Just came back from a great night out, I’ll try to make this brief.

I am beta by every standard you can have. I am 24 and I’ve had one girlfriend, who I had for five years. She’s my only lay.

I have severe one-itis for a girl at work. She has a boyfriend. She’s loyal to him. I know how ridiculous this sounds.

The point is that I just came back from a night out with her and another guy, who isn’t her boyfriend. The other guy is better looking than I am. He speaks something like three languages. He is “exotic.” He has known the girl for a lot longer than I have; he has a personal nickname for her.

Despite that, I rocked the whole night. This guy didn’t stand a chance. It was brutal. Six months ago, she would have been all over him, and I would have been sitting on the sideline, feeling empty and depressed. I want to note that I haven’t sarged once in those six months. (I have only ever sarged once, and it was barely, with two friends sarging and me being relegated to the ugly friend while they fought over the hot one.)

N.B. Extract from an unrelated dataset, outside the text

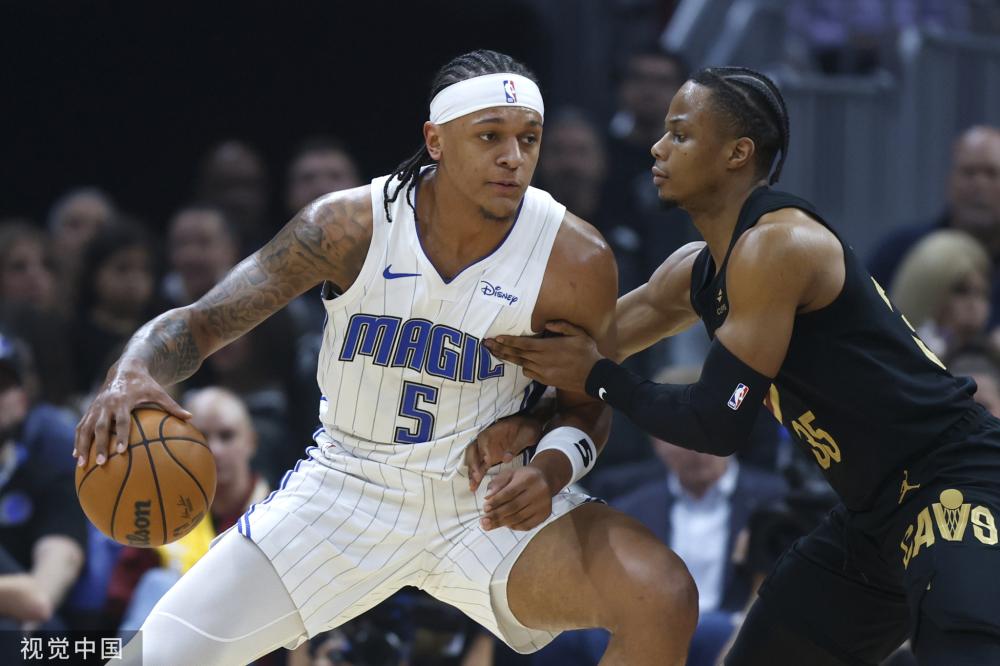 与詹姆斯还 与詹姆斯还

How did this happen? Application of game, pure and simple, reading a lot of theory, but most of the stuff I can actually use has come from your site – not really practical tips (although these have helped), but just how you think about yourself.

I’m a little buzzed, so I can’t formulate this as well as I want to without being even more long-winded than I’m already being. But I just wanted to say thanks – sincere thanks for putting this stuff out there. In the reproduction competition of life, I am still losing. But I went out tonight and I had fun – something I can’t say I’ve had while “out” for most of my life, but twice in the last three weeks, I’ve gone out and done this. I’ve gone from staying at home and feeling fucked to going out and participating in life, even a few nights being “that guy” who is driving the life of the party.

So even if I’m never a guy who can attract women consistently (although my belief that this is impossible fades day by day), application of the principles you espouse on the site have enabled me to actually be able to engage women in a way where I’m having fun, she’s having fun, where there is sexual tension and attraction, things that I have not really ever experienced as an adult. It is a feeling I can only describe as amazing.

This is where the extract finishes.